Rossmann Sales Forecasting & Causal Analysis

Overview

This project applies forecasting and causal inference to the Rossmann Store Sales Kaggle dataset — daily sales records for 1,115 German drugstores from 2013 to 2015. It has two objectives:

Forecasting — benchmark a full model matrix (OLS variants, Random Forest, XGBoost, LightGBM, CatBoost, MLP, Prophet) on RMSPE, the Kaggle competition metric.
Causal inference — move beyond naive correlations to estimate the causal effect of (a) nearby competitor openings using Regression Discontinuity in Time, and (b) promotional campaigns using a Causal Forest with Double ML.

Results at a Glance

Forecasting — all-stores RMSPE (validation: May–Jul 2015)

Model	RMSPE	Notes
Seasonal naive	0.1767	Same day 52 weeks prior
OLS structural (linear)	0.2302	Calendar + promo, raw sales target
OLS structural (mult)	0.2095	Calendar + promo, log(Sales) target
MLP	0.1835	2-layer neural network
OLS predictive (linear)	0.1607	Lag features replace store FE
OLS predictive (mult)	0.1525	Log-lags + log(Sales) target
Random Forest	0.1455	200 trees, log(Sales) target
CatBoost	0.1375	Native categorical support
LightGBM ★	0.1315	Best — histogram boosting, full feature set
Prophet (20-store sample)	~0.1498	Per-store time-series model; no lag features

Store 70 — single-store vs global models

Model	Single-store	Global (filtered)
OLS structural (mult)	0.1270	0.1235
OLS predictive (mult)	0.1252	0.1267
Random Forest	0.1116	0.1184
XGBoost	0.1111	—
CatBoost	—	0.1027
LightGBM ★	—	0.0982

RMSPE comparison chart across all model families — RMSPE league table — all models, both scopes (lower is better).

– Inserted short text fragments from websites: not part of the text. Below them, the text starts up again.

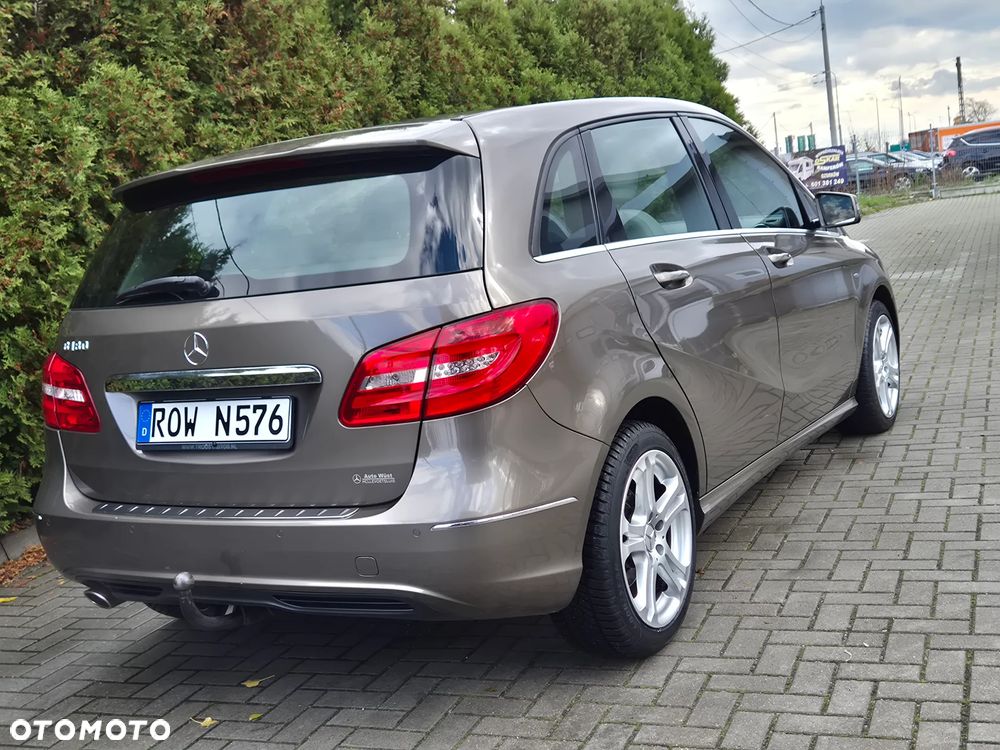 Mercedes-Benz Klasa B 180 7G-DCT UrbanStyle Edition - 11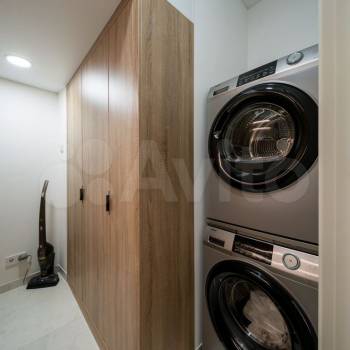 Сдается Многокомнатная квартира, 320 м²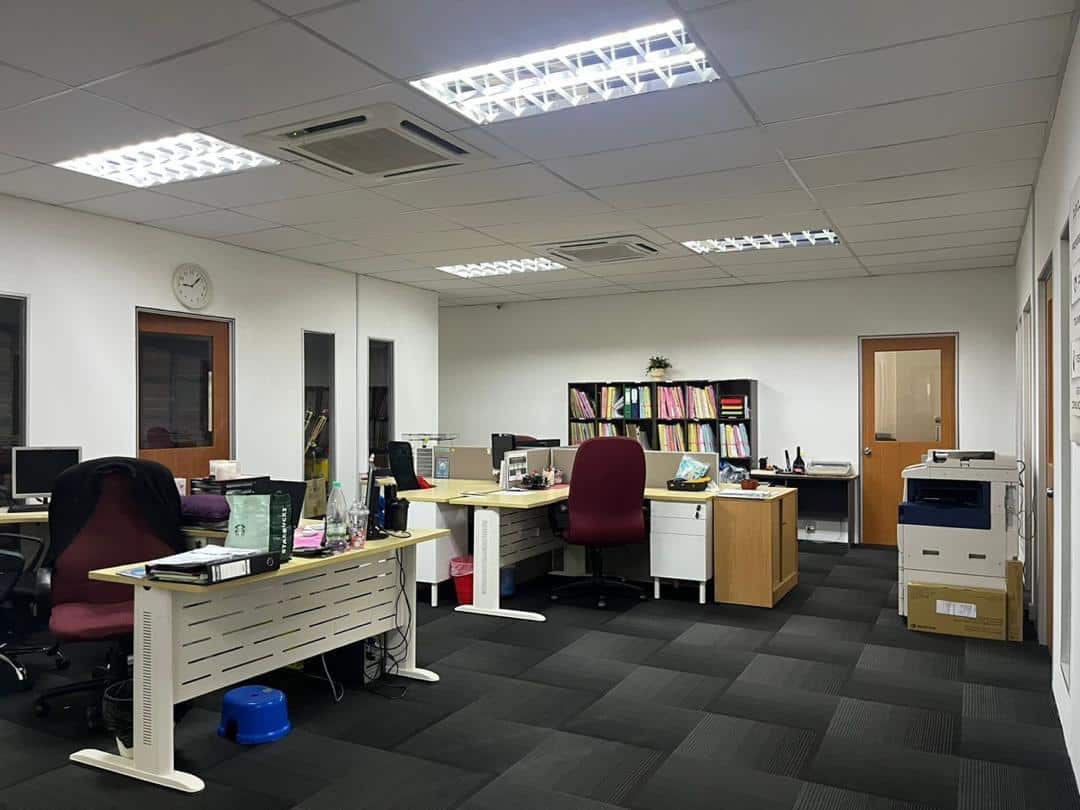 Corner lot shop-office Eco Palladium 4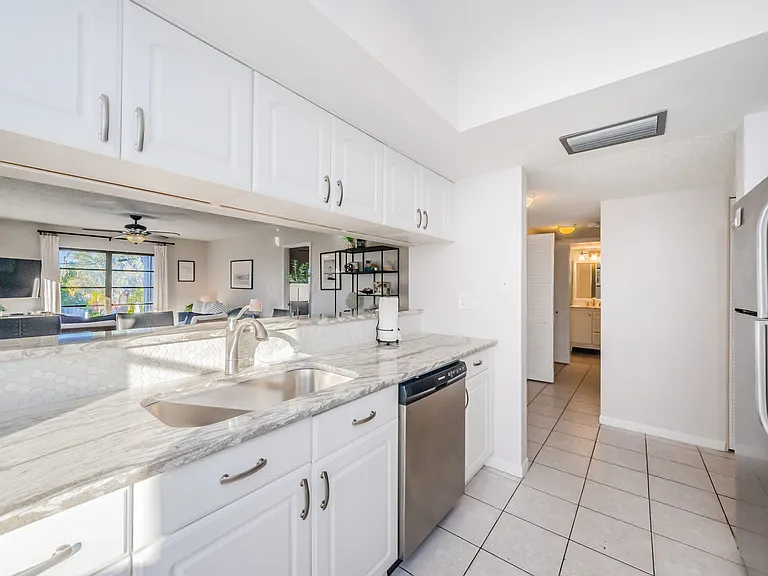 15 Glendale St #1B — Photo 19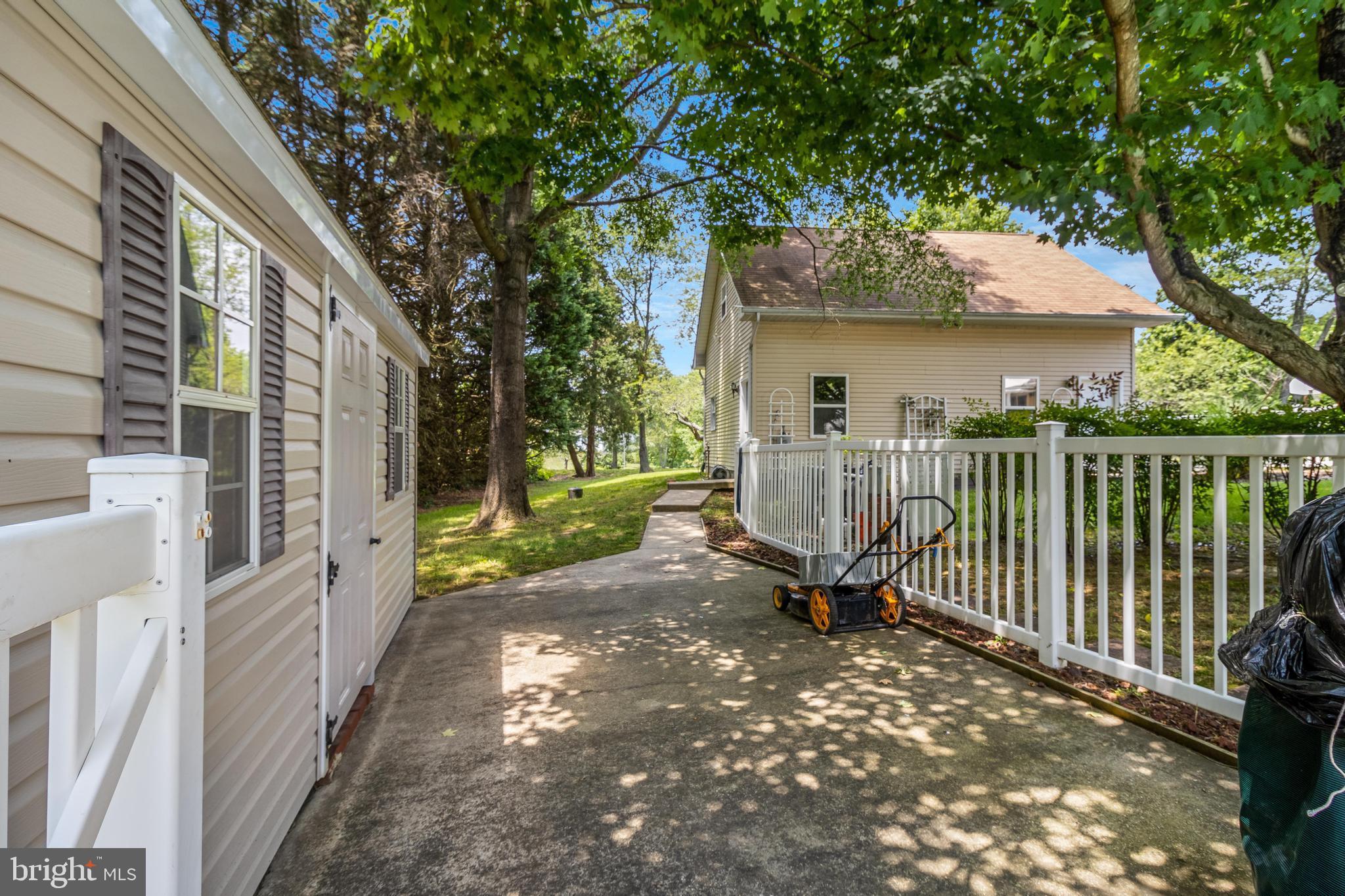 FOX DALE WOODS - Residential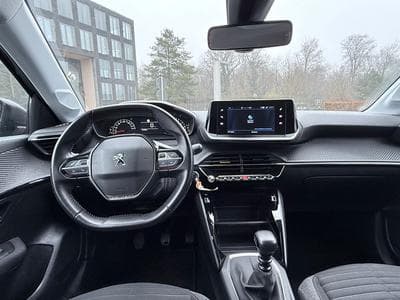 Peugeot 208 1,5 HDI 102 PS ACTIVE (2020) - Foto 8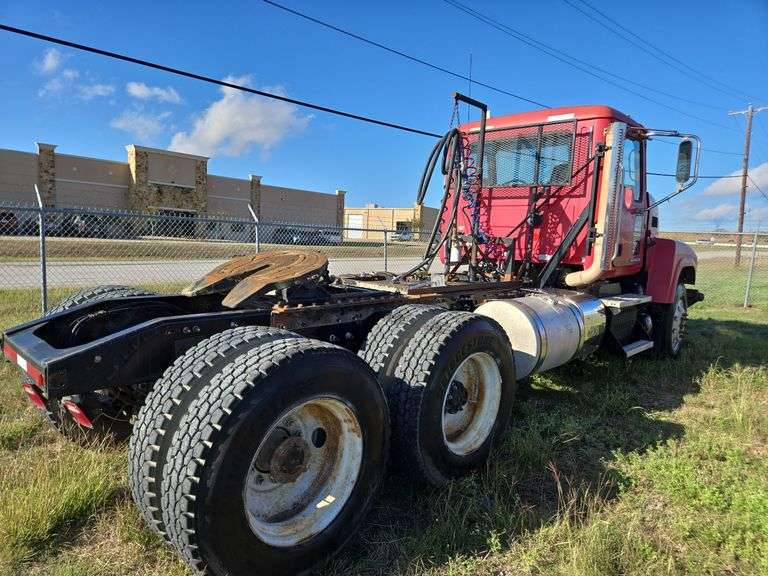 2012 Mack CHU613 showing 44,418 mi, 11,155 hrs- runs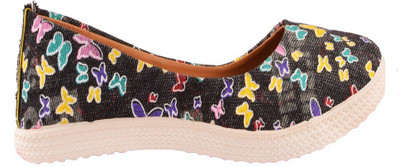 

BE CUTIE Casuals For Women(Multicolor, Black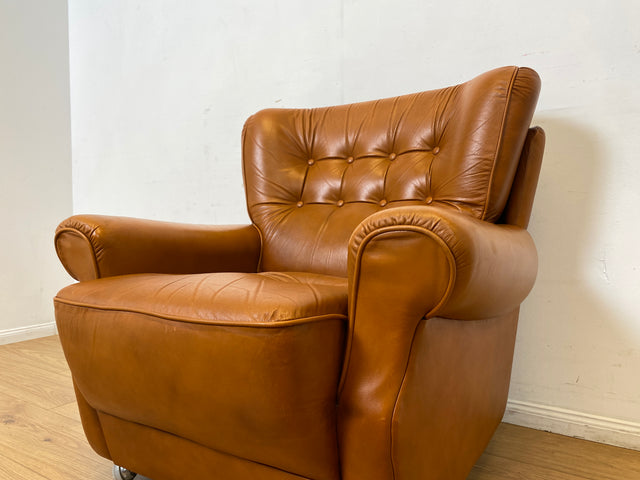 1/2 Schöner und sehr bequemer Mid-Century Sessel mit cognacfarbenem Echtleder Bezug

Actual vs LightGBM predicted sales for store 70 — Store 70 — actual daily sales vs LightGBM forecast over the full validation period (May–Jul 2015).

Methodology

Feature engineering

Raw date and store metadata are transformed into a rich feature set before any model sees the data. Key decisions:

Same-condition lags — the previous occurrence with the same day-of-week and Promo status (sales_lag_same_cond) turns out to be the single strongest predictor, beating any calendar or store-metadata feature.
Christmas/New Year dummies — one binary column per calendar date (Dec 15–24, Dec 26–31, Jan 2) so the model learns each day's multiplier independently rather than forcing a smooth polynomial through the holiday window.
Competition transition features — comp_opened_last_6m and days_since_comp_opened signal to ML models that lag features are unreliable during the 6-month window after a nearby competitor opens (the lag still reflects pre-competition actuals).
All lag features are computed on the full dataset sorted by date before the train/val split, so test-period rows look back into training actuals without leakage.

Model matrix — structural vs predictive

OLS models are organised along two axes:

	Structural	Predictive
Multiplicative (log target)	OLS-SM	OLS-PM
Linear (raw target)	OLS-SL	OLS-PL

Structural models use calendar and promo features; store fixed effects (absorbed via within-store demeaning — Frisch-Waugh theorem) leave coefficients as clean seasonal multipliers. Predictive models replace store fixed effects with lag/rolling features. The same-condition lag already encodes Promo status by construction, so Promo is excluded as a separate predictor.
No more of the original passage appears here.